I was torn. As a feminist, I agreed with my father. But as an editor, I have always believed that the writer should make her own decision. I followed the editor’s Hippocratic oath: Do no harm. Including the story in her book would have made my mother uncomfortable. That is the last thing she needed at the time, and so that’s what I told my father. He listened to me. He never bothered her about it again. She didn’t live long enough to finish the book, and it was never published. (Her written legacy was 25 years’ worth of advice columns published in the New York Post under her married name, Dr. Rose N. Franzblau, and it resides in the library at Columbia.)

I can tell this story now, because my parents and my mother’s dear friend the Monseigneur are long dead. The lesson I take from it today is that shame, the great maker of secrets, can morph over time. I think she was fine with these events until she found a group that might judge her, and then she wanted nothing to do with the incident. I can understand that completely. It’s a good lesson to learn. Everybody struggles with revelation and secrecy. Changes in the values of the culture are central to what make something worthy of suppressing.

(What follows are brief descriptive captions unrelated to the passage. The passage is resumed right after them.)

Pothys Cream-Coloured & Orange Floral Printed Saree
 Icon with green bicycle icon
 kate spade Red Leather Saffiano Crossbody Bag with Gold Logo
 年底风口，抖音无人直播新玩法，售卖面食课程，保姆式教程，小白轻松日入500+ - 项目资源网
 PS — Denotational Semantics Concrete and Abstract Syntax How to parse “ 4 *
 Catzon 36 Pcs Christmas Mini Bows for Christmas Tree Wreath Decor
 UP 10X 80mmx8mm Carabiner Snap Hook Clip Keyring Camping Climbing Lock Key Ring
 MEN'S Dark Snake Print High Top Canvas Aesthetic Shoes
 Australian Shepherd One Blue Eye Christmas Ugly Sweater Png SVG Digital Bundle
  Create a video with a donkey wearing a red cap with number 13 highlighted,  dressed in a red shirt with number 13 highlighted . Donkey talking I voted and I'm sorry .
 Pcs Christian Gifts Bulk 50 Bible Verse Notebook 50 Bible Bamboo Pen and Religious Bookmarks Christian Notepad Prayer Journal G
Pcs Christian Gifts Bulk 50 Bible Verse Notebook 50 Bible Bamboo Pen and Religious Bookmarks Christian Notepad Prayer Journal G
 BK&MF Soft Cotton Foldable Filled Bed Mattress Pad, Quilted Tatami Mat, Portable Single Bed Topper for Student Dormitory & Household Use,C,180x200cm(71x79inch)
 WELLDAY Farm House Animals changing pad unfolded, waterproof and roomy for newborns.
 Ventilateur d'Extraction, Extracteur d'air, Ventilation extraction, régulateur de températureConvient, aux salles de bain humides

So what do I think about that sad Chinese dinner in 1982? I stand by my advice. We have a right to our privacy, which is a different thing from a secret withheld from family members. Mom and Dad made that decision together, and they didn’t hide the truth from each other. A woman born in 1902 was not about to tell her children about this, and we all survived.

Finding out the truth about her age was a wonderful surprise. We had always mistrusted what she said about her date of birth. The stories of her childhood and the historical facts never jibed. My kids used to search through her drawers looking for evidence of her true age. They never found it.

When I shared this secret with them, we loved her more. They were pleased to know that their suspicions were valid. And we all got to know here a little better. She was vain, and she was strong, and she lived the life she wanted.